I don't know why you would need a 1-second delay.
But you do need a delay since it takes more time to send 3 characters than it takes to send 1 character. So the processor sending 1 character have to spend some time waiting until 3 characters have been received before starting a new request - or the other processor would not be able to pick up all characters and tripple the number of characters to return.
Another thing - your code should contain a repair timer, i.e. if you haven't received all three characters within a reasonable time, then something must have failed so it isn't meaningful to wait anymore. So throw away any partial result you may have received (zero, one or two characters) and send out your one-byte command again hoping for better luck this time.
A third thing - when having variables processed by both interrupt handlers and main loop: Do you remember to set them as volatile to force the compiler to always generate a physical read? Without the volatile keyword, the compiler may decide that it already knows the value of the variable.
But you do need a delay since it takes more time to send 3 characters than it takes to send 1 character. So the processor sending 1 character have to spend some time waiting until 3 characters have been received before starting a new request -
In my program I am counting the received bytes and setting the 'data_received ' bit to 1 only after the count reaches 3. The code is given below.
void Scc1InterruptHandler() interrupt SIO_VECTOR using 2 { ES = 0; // disable port1 interrupt. if(TI) { TI = 0; xmitempty = 1; ES = 1; // enable port1 interrupt. return; } RI = 0; // clear RX flag. if(k<3)ph[k]=SBUF; k++; if(k>=3) { k=0; data_received=1; } ES = 1; // enable port1 interrupt. }
Do you remember to set them as volatile YES
In the main program I am waiting for the bit 'data_received' to become high
data_received=0; sendchar('V'); while(!data_received);
But this works only if I add a delay of 1 sec.

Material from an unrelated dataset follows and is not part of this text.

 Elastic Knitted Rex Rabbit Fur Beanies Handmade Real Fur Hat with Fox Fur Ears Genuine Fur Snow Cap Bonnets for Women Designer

My doubt is why it doesn't work without that extra delay.
Where do you set the delay? After the send but before the while loop?
It so very much sounds like the while loop is initially sampling the variable "data_received" before it is toggled, and then not performing any other read - i.e. that "data_received" isn't volatile for force a read each turn of the loop.
By the way - as I mentioned before, your while loop have no timeout. If you somehow get a problem resulting in only two characters being received, you would never get out of the loop. Any distributed code that is expecting an answer from another node must _always_ contain timeout handling to support link breakage, transfer errors, or that the other side may reboot/hang.
In your case, you don't even know if the other side is powered up when you send your command the first time - so maybe it is that your delay is needed _before_ you send your command, just because you power up both processors simultaneously and tha master is ready to send the first character before the slave is ready to start accepting answers?
I only quoted part of the program. This is in another while loop and I added delay before send.
By the way - as I mentioned before, your while loop have no timeout.
With a time out, it will naturally come out of that loop. But I wanted to see why it doesn't work by checking the data_received bit. Once I ensure this working, I will definitely be adding a time out.
In your case, you don't even know if the other side is powered up when you send your command the first time -
I wait till uC2 start sending data using the following code in the beginning.
while(!data_received)// to give time to sensot to boot { sendchar('V'); wait(1000);
This part works. Also if I avoid
while(!data_received);
in the main program and replace it with a fixed delay of 10ms, then also it worke (data is received and displayed correctly). }
But you do need a delay since it takes more time to send 3 characters than it takes to send 1 character. So the processor sending 1 character have to spend some time waiting until 3 characters have been received before starting a new request - This could misinterpreted. you need to wait till the 3 characters are received, but that would be wrong to do by a delay, rarther count the bytes and do not send till 3 are received. It would be prudent to run a timeout on this so that some error handling would take place if the bytes were not recieved before time x.
Erik
Now the counting of received bytes works. I also provided a time out of 1 second. It is noticed that sometimes it has to time out. Does it mean that counting of bytes do not work always? If so, what could be the reason?
You could have a transfer problem.
Or you could have a problem with your delay.
How do you implement your delay? If the delay is handled by a timer with one-second granularity, then that delay can result in a zero delay if you call the delay function just before the timer ticks. So have you made sure that your design guarantees a minimum delay time of 1000ms?
It could mean that either the counting doesn't work, or bytes are being lost - or, possibly, both!
"If so, what could be the reason?"
It's your system and your code - so you need to debug it to find the reason!
Nobody else has your code or your system - so nobody else can do this for you!
Here are some debugging tips for you:
www.8052.com/.../120313
www.techonlineindia.com/.../Developing_a_good_bedside_manner.aspx
And of course - your code could fail to react to the ISR fast enough, resulting in a character being lost.
Thank you.